There was an X-ray sketch of the Aviator displayed at its media launch event prior to the show that depicted it with an inline-six-cylinder engine, but Lincoln’s head of development, Scott Tobin would not confirm what’s really under the hood.
Although very much an SUV in appearance, the Aviator’s styling was inspired to some degree by its name. Lincoln Design Director David Woodhouse points to the converging roof and rocker lines that create an airfoil-like shape, while the bold front end and tapered greenhouse echoes historic aircraft design.
The interior looks like a scaled-down version of the popular Lincoln Navigator’s, with long horizontal lines on its dashboard that are meant to evoke a calming horizon, a digital instrument cluster and a large floating infotainment display at the top of the center console. The brand’s signature 30-way adjustable massaging seats are available in the front row, and there is ample legroom in the two behind it.
A Co-Pilot360 safety system includes automatic emergency brakes, lane keeping assist and other driver aids, and the Aviator will be the first Lincoln with a front-mounted camera that scans the road for bumps and gives the computer-controlled suspension a heads up so it can be ready to deal with them.

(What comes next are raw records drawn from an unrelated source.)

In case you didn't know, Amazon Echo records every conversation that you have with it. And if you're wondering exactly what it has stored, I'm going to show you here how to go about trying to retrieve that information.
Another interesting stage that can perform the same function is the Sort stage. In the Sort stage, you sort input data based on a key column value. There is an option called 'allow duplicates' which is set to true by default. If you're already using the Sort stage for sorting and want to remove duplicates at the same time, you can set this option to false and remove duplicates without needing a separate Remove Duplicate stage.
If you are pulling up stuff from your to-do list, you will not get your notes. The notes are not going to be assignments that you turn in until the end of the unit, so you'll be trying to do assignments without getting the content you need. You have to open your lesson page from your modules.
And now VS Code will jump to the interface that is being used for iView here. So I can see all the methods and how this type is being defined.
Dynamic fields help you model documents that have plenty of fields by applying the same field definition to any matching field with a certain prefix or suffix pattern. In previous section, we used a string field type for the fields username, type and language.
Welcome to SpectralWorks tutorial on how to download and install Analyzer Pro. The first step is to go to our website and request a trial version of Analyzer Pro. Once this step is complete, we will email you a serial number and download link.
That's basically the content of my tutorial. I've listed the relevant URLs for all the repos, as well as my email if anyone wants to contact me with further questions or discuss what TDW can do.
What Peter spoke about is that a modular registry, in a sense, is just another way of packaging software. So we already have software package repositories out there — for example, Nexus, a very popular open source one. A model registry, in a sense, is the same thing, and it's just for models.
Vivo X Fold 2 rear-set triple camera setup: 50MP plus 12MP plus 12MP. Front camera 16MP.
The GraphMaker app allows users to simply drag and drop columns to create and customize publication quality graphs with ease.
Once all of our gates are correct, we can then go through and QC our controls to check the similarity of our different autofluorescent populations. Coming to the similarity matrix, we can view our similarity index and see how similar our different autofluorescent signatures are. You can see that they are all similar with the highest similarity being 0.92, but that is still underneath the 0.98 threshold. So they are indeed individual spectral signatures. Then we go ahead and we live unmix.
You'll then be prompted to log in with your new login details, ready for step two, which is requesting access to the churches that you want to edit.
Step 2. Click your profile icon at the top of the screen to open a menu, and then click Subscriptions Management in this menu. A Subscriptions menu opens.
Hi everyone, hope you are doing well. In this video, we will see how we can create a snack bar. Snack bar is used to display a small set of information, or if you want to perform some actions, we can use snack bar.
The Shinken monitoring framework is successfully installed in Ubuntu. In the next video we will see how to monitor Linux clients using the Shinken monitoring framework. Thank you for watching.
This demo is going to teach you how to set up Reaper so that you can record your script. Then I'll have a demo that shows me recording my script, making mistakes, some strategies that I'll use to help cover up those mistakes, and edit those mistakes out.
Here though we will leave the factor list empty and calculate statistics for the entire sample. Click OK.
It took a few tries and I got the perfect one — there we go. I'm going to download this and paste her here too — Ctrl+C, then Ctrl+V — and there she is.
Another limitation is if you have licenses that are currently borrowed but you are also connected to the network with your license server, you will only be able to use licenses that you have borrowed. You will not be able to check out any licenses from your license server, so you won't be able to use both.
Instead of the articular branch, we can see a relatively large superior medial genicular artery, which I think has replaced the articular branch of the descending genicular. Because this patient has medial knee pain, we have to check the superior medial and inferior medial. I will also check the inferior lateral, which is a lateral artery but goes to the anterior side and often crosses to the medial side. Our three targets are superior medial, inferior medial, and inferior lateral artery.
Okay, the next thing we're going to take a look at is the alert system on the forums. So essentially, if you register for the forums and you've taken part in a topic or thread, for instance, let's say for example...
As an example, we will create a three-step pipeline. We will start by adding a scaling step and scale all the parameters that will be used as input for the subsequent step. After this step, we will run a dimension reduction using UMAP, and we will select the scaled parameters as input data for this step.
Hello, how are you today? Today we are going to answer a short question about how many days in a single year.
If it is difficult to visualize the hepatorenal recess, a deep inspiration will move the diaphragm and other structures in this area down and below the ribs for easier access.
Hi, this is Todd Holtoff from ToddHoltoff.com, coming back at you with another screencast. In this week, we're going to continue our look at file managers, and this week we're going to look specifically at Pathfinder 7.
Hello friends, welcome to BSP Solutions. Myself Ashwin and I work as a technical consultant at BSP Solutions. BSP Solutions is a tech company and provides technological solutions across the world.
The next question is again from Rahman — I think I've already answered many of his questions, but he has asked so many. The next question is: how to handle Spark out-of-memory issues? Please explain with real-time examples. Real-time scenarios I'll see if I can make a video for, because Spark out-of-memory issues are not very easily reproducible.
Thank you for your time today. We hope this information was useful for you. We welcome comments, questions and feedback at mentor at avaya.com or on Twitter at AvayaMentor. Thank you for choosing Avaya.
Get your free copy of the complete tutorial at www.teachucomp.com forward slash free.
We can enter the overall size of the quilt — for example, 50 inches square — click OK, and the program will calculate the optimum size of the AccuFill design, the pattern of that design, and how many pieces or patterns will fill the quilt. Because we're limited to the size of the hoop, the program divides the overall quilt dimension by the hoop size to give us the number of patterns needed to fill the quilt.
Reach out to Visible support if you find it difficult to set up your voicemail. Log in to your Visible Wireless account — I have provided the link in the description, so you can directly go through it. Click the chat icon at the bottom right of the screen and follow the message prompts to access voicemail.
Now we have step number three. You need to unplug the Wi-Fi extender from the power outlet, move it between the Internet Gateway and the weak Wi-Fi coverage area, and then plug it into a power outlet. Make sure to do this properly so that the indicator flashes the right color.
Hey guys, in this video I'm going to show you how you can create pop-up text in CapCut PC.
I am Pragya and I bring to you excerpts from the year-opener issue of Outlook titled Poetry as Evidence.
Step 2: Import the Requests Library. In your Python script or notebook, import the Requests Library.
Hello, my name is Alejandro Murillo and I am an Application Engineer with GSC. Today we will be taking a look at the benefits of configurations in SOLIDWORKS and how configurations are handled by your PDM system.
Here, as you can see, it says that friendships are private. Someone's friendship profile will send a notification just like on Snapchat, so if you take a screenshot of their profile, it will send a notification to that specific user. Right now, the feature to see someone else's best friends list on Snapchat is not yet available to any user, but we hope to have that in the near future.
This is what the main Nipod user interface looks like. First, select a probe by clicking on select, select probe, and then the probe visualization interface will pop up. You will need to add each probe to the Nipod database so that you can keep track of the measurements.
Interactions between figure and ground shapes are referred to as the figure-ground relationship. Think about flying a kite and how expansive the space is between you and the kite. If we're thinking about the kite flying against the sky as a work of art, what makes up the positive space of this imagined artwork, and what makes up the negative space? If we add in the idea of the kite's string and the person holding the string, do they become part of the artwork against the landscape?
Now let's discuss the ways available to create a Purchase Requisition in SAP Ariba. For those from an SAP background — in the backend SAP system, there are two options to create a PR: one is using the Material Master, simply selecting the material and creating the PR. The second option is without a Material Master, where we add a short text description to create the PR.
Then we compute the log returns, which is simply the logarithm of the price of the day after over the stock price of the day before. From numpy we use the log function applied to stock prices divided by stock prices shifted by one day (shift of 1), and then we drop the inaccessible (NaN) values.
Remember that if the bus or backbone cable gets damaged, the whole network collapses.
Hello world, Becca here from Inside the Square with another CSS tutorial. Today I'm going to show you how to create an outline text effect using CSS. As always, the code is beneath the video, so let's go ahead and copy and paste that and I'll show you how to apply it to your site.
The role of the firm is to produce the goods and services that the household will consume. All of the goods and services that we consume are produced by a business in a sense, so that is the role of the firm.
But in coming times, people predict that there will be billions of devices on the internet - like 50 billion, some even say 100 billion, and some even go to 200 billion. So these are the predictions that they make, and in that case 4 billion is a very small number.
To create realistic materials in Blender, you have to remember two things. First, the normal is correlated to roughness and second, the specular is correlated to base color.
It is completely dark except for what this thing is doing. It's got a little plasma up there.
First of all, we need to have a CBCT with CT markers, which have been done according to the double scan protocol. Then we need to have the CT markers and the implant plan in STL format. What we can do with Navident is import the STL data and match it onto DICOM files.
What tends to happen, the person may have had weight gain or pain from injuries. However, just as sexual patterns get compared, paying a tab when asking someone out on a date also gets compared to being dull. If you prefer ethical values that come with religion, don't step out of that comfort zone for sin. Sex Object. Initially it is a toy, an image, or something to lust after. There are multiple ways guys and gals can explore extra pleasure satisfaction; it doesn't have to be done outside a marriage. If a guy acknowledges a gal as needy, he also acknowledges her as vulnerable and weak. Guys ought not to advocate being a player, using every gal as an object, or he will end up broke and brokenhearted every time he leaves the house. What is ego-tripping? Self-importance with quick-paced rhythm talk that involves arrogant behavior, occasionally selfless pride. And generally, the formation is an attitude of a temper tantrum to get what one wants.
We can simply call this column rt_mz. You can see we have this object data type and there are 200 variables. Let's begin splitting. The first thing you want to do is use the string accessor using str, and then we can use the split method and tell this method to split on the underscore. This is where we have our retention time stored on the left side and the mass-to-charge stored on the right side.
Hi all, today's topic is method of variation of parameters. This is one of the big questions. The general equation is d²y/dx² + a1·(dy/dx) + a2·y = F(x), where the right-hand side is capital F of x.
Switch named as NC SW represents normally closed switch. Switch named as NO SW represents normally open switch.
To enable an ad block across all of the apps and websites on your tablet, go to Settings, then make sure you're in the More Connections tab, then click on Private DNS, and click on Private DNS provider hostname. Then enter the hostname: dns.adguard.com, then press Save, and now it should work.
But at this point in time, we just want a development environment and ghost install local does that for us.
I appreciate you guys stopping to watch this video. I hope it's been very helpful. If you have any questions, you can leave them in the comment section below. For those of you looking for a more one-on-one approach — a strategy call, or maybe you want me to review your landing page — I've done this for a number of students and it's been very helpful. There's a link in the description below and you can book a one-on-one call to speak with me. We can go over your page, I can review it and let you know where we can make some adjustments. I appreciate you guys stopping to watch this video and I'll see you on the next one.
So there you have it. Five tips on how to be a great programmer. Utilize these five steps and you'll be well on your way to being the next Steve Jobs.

One of the Aviator’s key features, however, is that you won’t need a key to drive one. At least not in the traditional sense. Instead, you’ll be able to use Lincoln’s Phone as Key technology, which uses an app that allows you to not only unlock the car, but also start it even if you don’t have your keyfob with you. You’ll also be able to text a valet a temporary key, and if your phone dies a backup system lets you use a keypad on the door to enter the vehicle where you can enter another code to start it and drive away.
Pricing for the Aviator has not been revealed, but it will likely slot into the lineup above the Nautilus with a starting price around $45,000 when it goes on sale next year.